* TASK REQUIREMENTS
The output should be the listing below, limited to the lines from the one with "She Loves Jesus" through the one with "Journal de Paris", exact and without pictures.

* DATA TO PROCESS
--- START ---

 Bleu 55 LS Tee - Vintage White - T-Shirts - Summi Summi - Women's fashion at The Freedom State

--- END ---
--- START ---

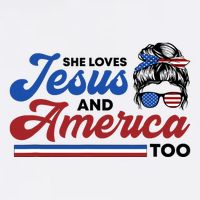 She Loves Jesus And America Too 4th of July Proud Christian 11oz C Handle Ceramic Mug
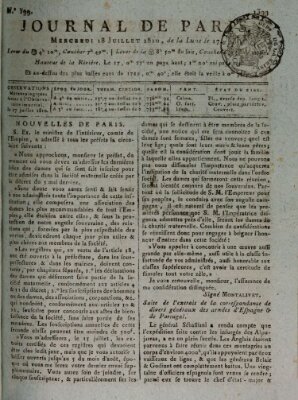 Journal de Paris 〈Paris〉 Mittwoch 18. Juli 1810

--- END ---

* RESULT
 She Loves Jesus And America Too 4th of July Proud Christian 11oz C Handle Ceramic Mug
 Journal de Paris 〈Paris〉 Mittwoch 18. Juli 1810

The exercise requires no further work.